84'05'' - Naldo interceta um lançamento lateral, na linha de meio-campo ➜ faz um passe curto para Aquilani ➜ avança com a bola controlada na direção do flanco esquerdo e solta para a frente para João Mário ➜ rodopia pelo marcador direto e avança na direção da área, com Matheus a acompanhá-lo mais pela esquerda e Aquilani mais atrás ➜ entra na área, vê Aquilani a aparecer à sua direita, fixa o adversário e solta a bola para o italiano ➜ pica a bola pelo lado do guarda-redes ➜ 6-0, aos 84'18''. 

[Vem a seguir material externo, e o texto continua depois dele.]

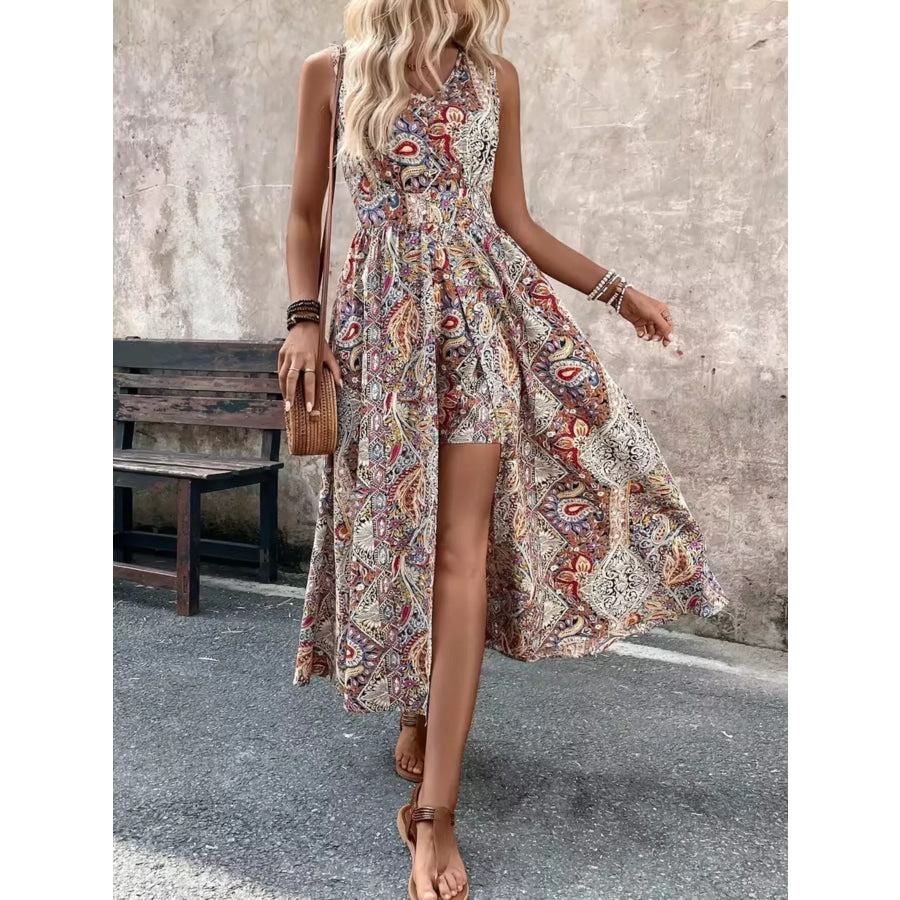 Paisley Print Sleeveless Romper Tan / S Apparel and Accessories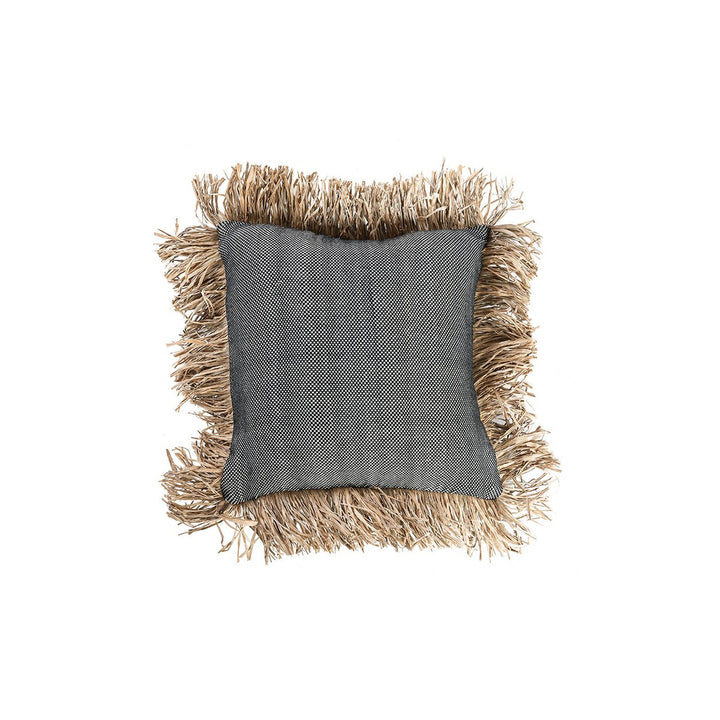 COTTON BONITA Kissenbezug - Baumwolle mit Raffia Fransen 40x40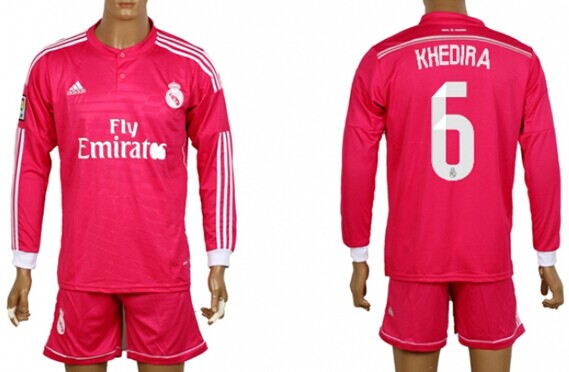 2014/15 Real Madrid #6 Khedira Away Pink Soccer Long Sleeve Shirt Kit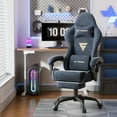 thumbnail image 2 of Huracan Velvet Fabric Gaming Chair Ergonomic Office Chair with Footrest High Back Gamer Chiar for Adults Video Gaming Chair with Massage Lumbar Cushion PC Gaming Chair for Home Office,Gray, 2 of 10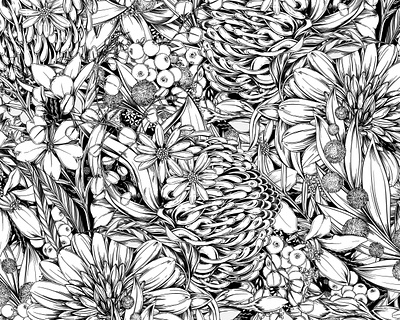 Tropical Monochrome Illustration black and white botanical botanical illustration branding illustration lettering nature packaging pattern surface design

Melhor estreia era impossível - uma assistência e dois golos não é de todo uma má forma de um jogador se apresentar aos adeptos da sua nova equipa. Se houvesse alguém que estivesse a assistir pela primeira vez a um jogo do Sporting esta época, certamente que não imaginaria que Bruno César estava a fazer o seu primeiro jogo, tal foi o nível de entrosamento demonstrado com os seus companheiros. Não se podia pedir melhor estreia.

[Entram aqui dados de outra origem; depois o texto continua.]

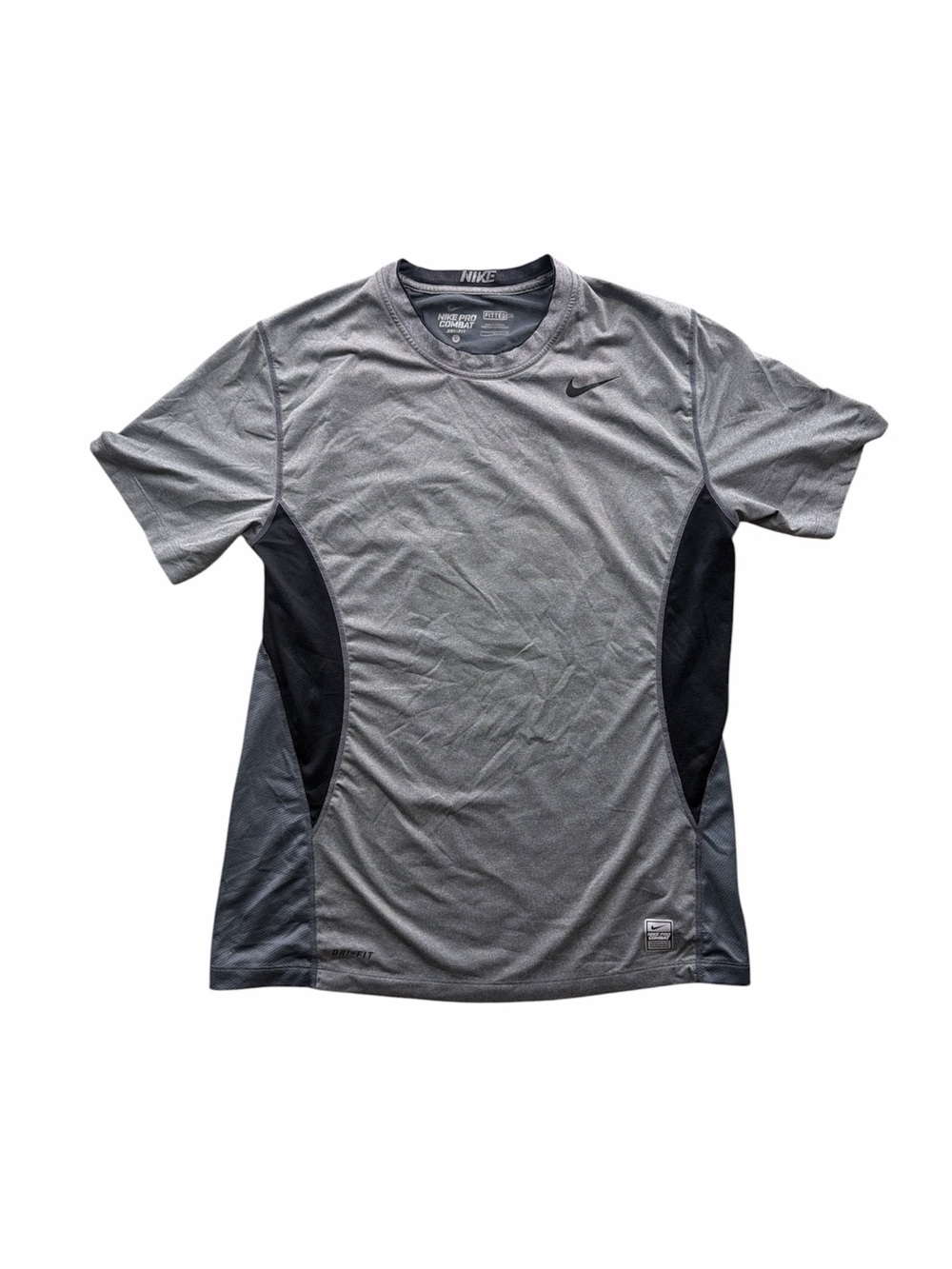 Nike Pro Combat Dri-FIT Compression Training Shirt Men’s Large Gray Black Fitted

João Mário - mais um grande jogo do nº 17, na sequência do que já tinha feito no último sábado contra o Porto. Hoje marcou um golo, fez duas assistências, e teve uma atitude muito bonita ao não festejar por respeito ao clube onde alinhou durante seis meses.

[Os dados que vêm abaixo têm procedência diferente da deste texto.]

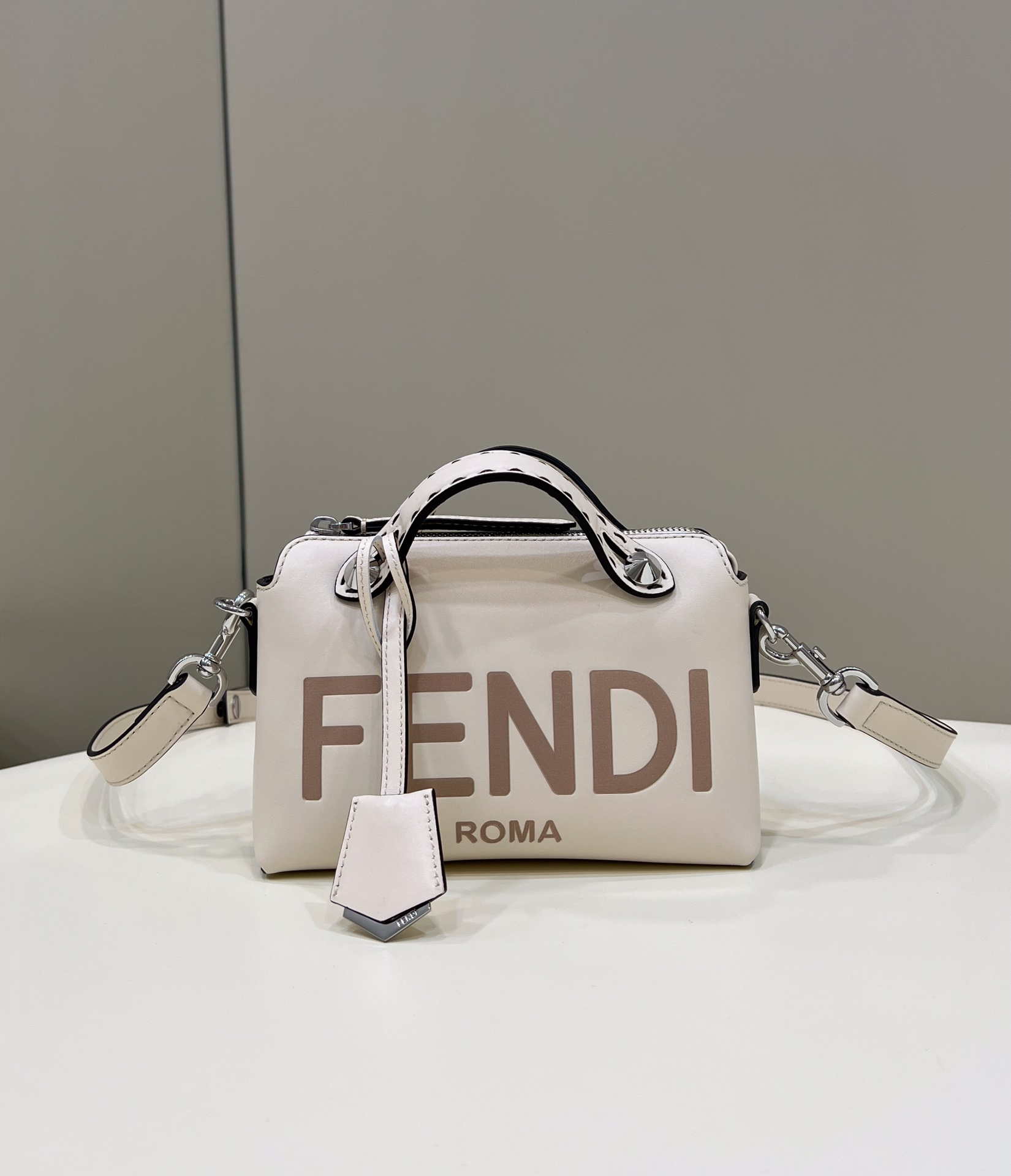 Fendi 8BL145 By The Way Mini White leather small Boston bag - Default Title - View 2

Slimani a bisar, mais uma vez - está em grande forma. No espaço de quatro dias marcou quatro golos. Já leva 12 golos marcados em 15 partidas (falhou um jogo por suspensão), e está apenas a 3 de Jonas - tendo o argelino o handicap de não ser o habitual marcador de penáltis.

Uma bancada cheia de sportinguistas - apesar das péssimas condições atmosféricas que se adivinhavam, foram muitos os sportinguistas que demonstraram toda a sua devoção ao clube ao comparecerem no Bonfim. Foram justamente recompensados: não só a chuva deu tréguas durante o jogo, como a única tempestade que se abateu sobre Setúbal foi a do irresistível futebol ofensivo do Sporting.


Negativo

Não havia necessidade - Jorge Jesus tem a personalidade que tem. Não mudou quando assinou para o Sporting. Desde esse momento, tem sido massacrado diariamente pela máquina de propaganda do Benfica. Como tal, o nosso treinador tem o meu apoio (não que ele queira saber disso para alguma coisa, mas ainda assim...) sempre que responde aos que o têm atacado de forma cobarde e desonesta - liderados pelas mesmas pessoas que quiseram afastá-lo do clube e desterrá-lo nas arábias. No entanto, Jesus foi excessivo na resposta que deu ontem a Rui Vitória. Não que Rui Vitória seja um inocente - já teve a sua dose de tiradas infelizes e despropositadas -, mas ninguém sai a ganhar quando determinados limites são ultrapassados. E ontem, na minha opinião, Jesus foi demasiado longe no ataque ao seu colega - porque o é - de profissão. As melhores respostas de Jesus, felizmente, têm sido dadas dentro de campo. E são essas que realmente contam, pelo que não há necessidade de rebaixar Rui Vitória como o fez ontem. Aliás, Jesus acaba por prejudicar mais a sua própria imagem do que a do alvo que procurava atingir.



Como se esta magnífica exibição não fosse suficiente, o Porto acabou por providenciar a cereja no topo do bolo ao empatar inesperadamente em casa com um desfalcadíssimo Rio Ave. Temos agora 4 pontos de avanço sobre os rivais, o que significa que neste momento somos a única equipa dependente de si própria. É agradável saber que passámos a ter uma pequena margem de erro no longo percurso que ainda há para fazer. Que saibamos aproveitar essa margem de erro para cimentar a confiança de uma forma saudável. A próxima prova de fogo é já daqui a três dias.